* [Work instructions]:
Using the data below, print exactly the line with "[Holy Warrior] XPS3 Red Dot Sight [FDE]", the line with "Used 2023 Chevrolet", and every line between them, but none of the pictures.

* [Study material]:
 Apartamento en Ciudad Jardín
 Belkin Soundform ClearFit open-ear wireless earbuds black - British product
---
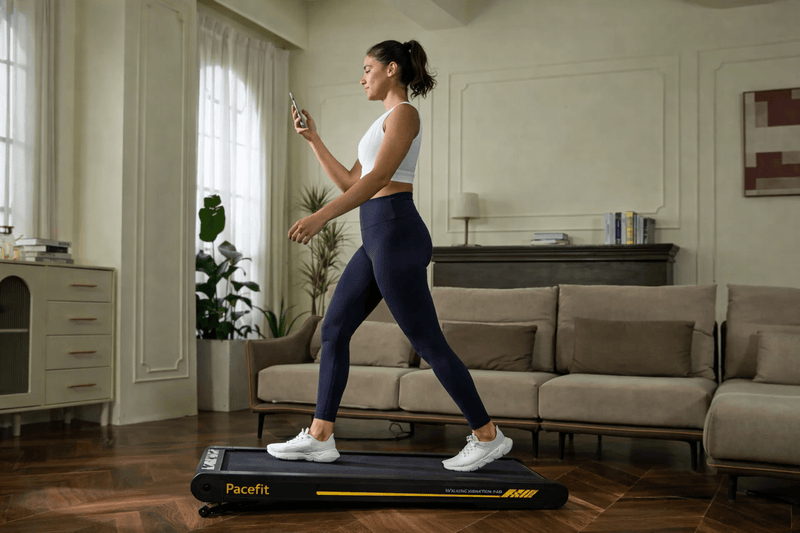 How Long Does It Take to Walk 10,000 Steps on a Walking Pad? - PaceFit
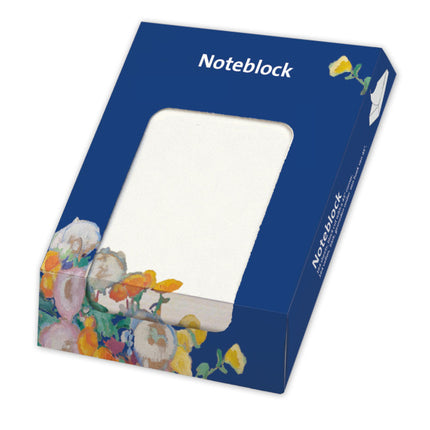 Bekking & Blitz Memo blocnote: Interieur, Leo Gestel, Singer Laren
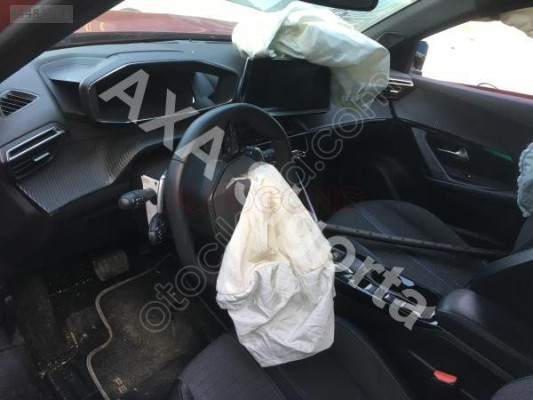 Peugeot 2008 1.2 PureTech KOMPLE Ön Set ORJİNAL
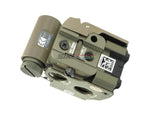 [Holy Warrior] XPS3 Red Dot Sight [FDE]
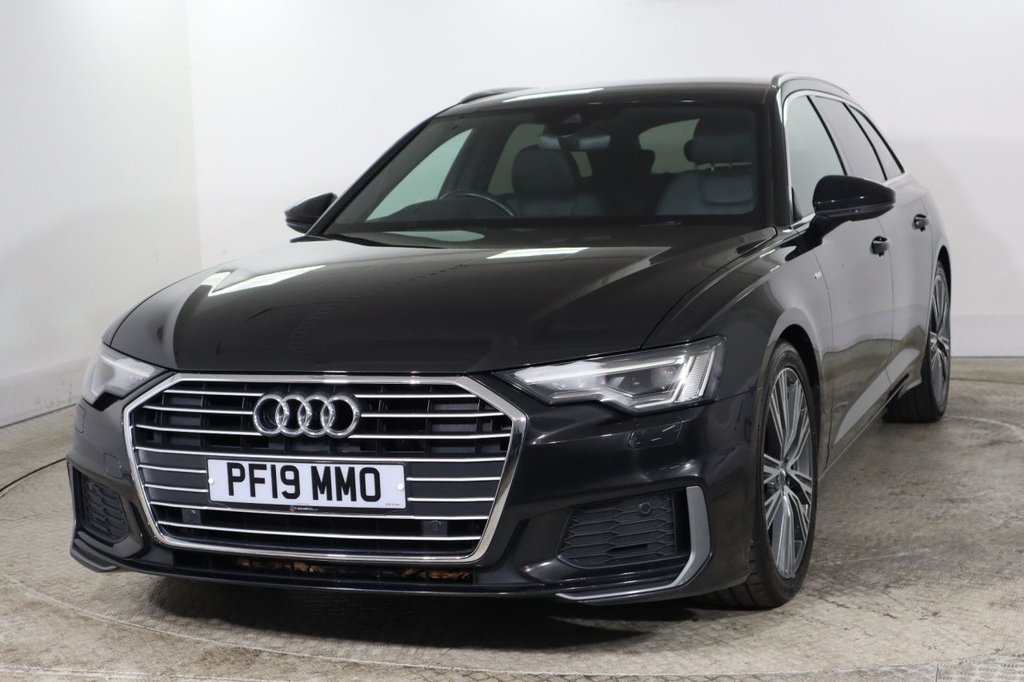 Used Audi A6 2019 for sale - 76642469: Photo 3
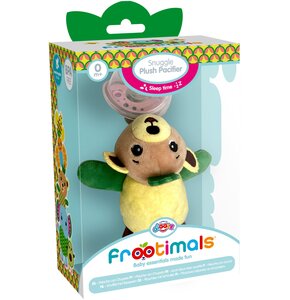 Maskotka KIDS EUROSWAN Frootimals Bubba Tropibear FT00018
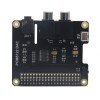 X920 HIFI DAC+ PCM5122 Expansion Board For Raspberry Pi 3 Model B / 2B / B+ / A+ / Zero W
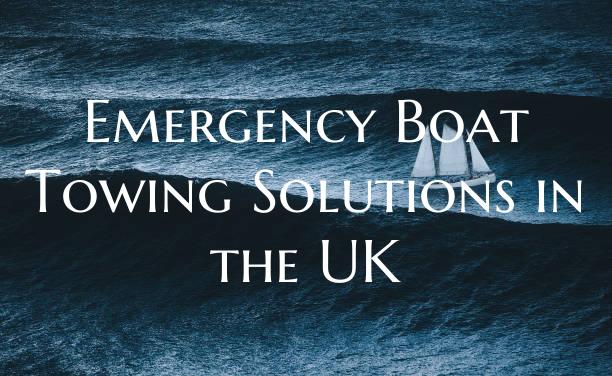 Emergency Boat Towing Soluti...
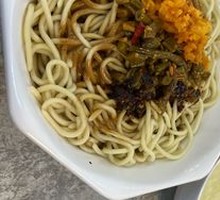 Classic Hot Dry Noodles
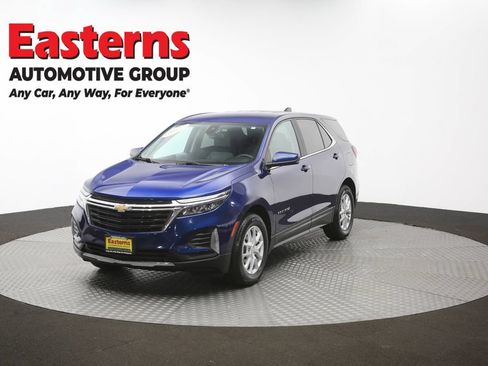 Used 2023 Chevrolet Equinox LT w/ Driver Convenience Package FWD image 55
--
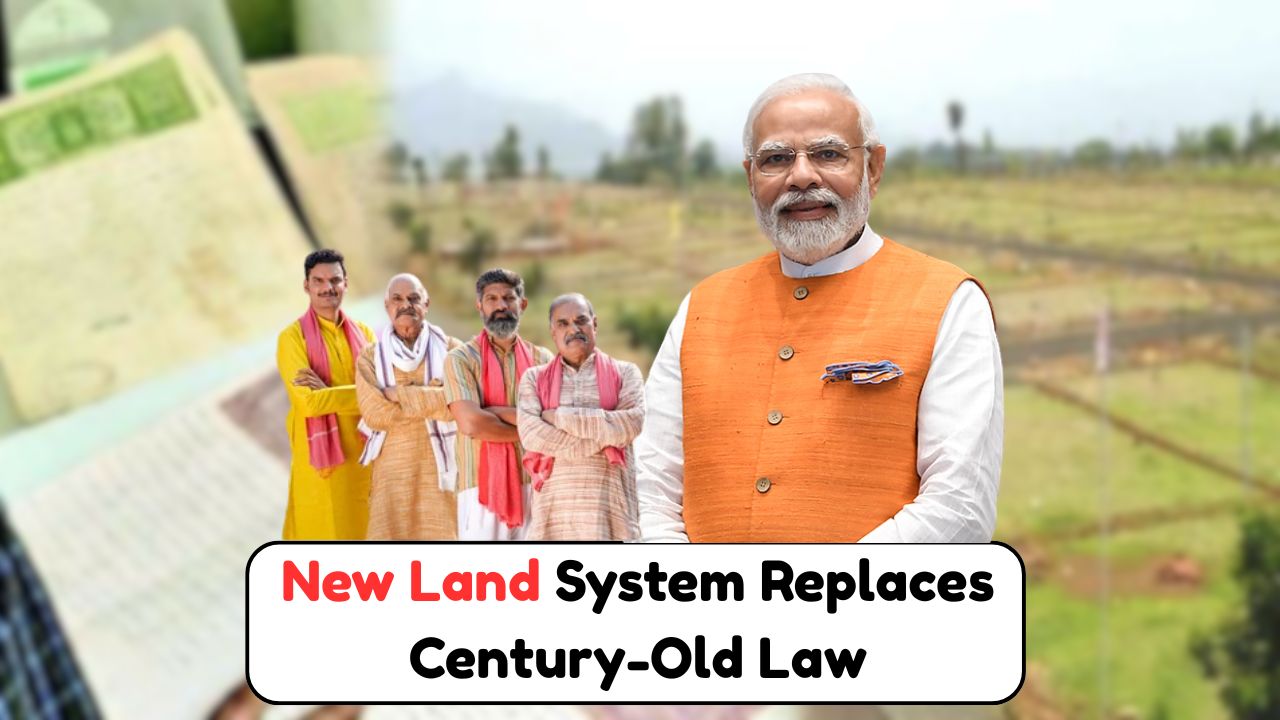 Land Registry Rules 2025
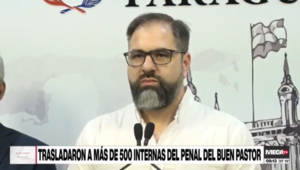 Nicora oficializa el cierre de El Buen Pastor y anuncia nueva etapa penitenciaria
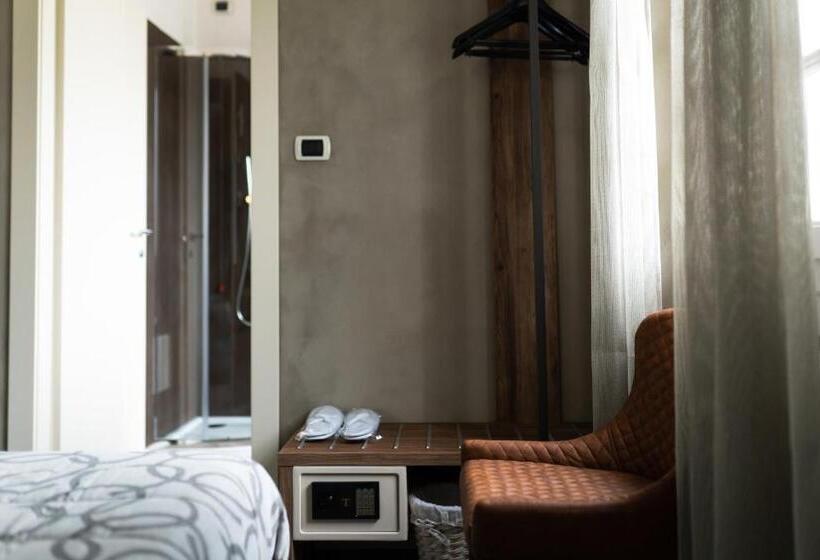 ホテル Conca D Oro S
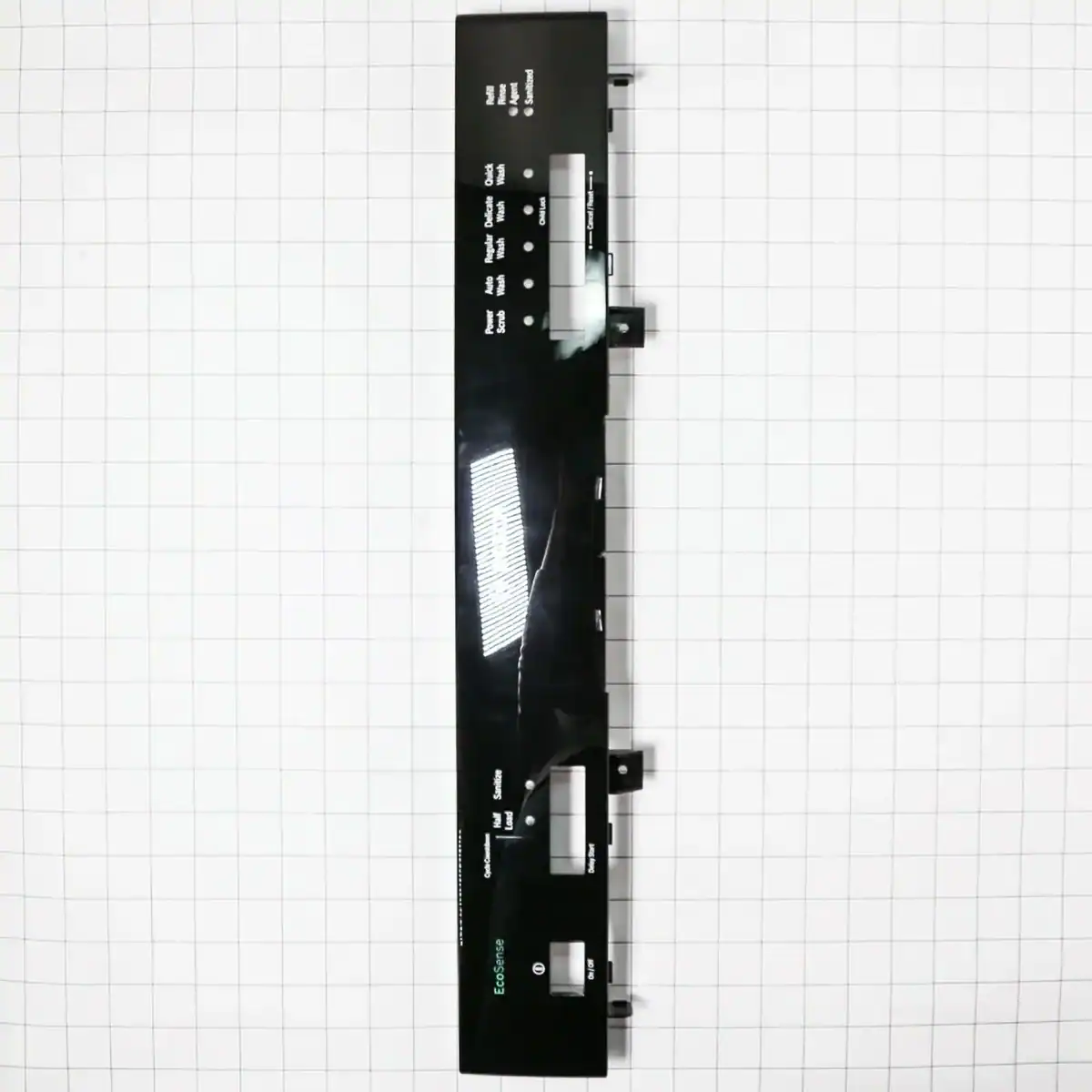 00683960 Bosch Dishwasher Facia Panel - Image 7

* [Solution below]:
 [Holy Warrior] XPS3 Red Dot Sight [FDE]
 Used Audi A6 2019 for sale - 76642469: Photo 3
 Maskotka KIDS EUROSWAN Frootimals Bubba Tropibear FT00018
 X920 HIFI DAC+ PCM5122 Expansion Board For Raspberry Pi 3 Model B / 2B / B+ / A+ / Zero W
 Emergency Boat Towing Soluti...
 Classic Hot Dry Noodles
 Used 2023 Chevrolet Equinox LT w/ Driver Convenience Package FWD image 55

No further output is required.